Investigating a social network using Graph Theory

Overview

This project will investigate a social network using graph theory. The first part of this project will find a dominating set of users in a network (i.e. users with at least one connection to all the other users in the network). The second part of the project will find sub-communities or tightly connected communities within a network

Data

The data used will be the provided Facebook datasets facebook_1000.txt, facebook_2000.txt and facebook_ucsd.txt

facebook_1000.txt has 783 vertices (persons) and 3784 edges (friendships).

facebook_2000.txt has 1780 vertices (persons) and 15,650 edges (friendships)

facebook_ucsd.txt has 14948 vertices (persons) and 886442 edges (friendships)

Note: The above datasets is slightly different from what was given in the initial proposal.

For answering the easier question (dominating set) the facebook_1000 and facebook_ucsd datasets will be used. For answering the harder question (finding sub-communities the facebook_1000 and facebook_2000 datasets will be used.

Questions

Easier: To find the dominating set of nodes in a Facebook network. A dominating set is defined as the subset of users who are connected to all the users in the network. This is useful for marketing messages or targeting “super” users or influencers in a network.

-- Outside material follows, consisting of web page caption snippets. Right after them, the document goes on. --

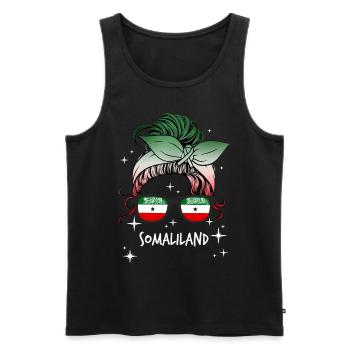 Somaliland - Men's Premium Organic Tank Top - black - Front - AI Model Male 178 light (178cm)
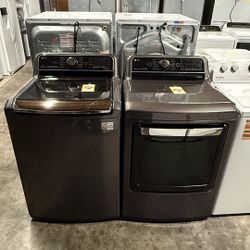 LG Black Steel Washer And Electric Dryer Set Only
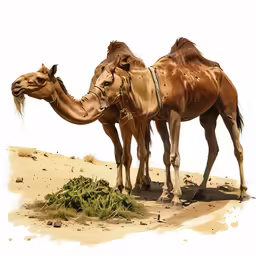 two brown camels standing side by side with one eating something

Harder: To find sub-communities in a Facebook network. Sub-communities are closely connected users who interact with each other more and share certain commonalities like same high school or same subject interest etc.

The graphs are visualized using GraphStream package (http://graphstream-project.org)

Algorithms, Data structures and Answers to the questions

Easier Question:

Main data structure:

The network was laid as a classic graph data structure using an adjacency list. Each person is denoted as a vertex and a friendship is denoted as an edge in the graph.

A HashMap of integer key to denote a vertex and HashSet of integers for its value to denote edges was used.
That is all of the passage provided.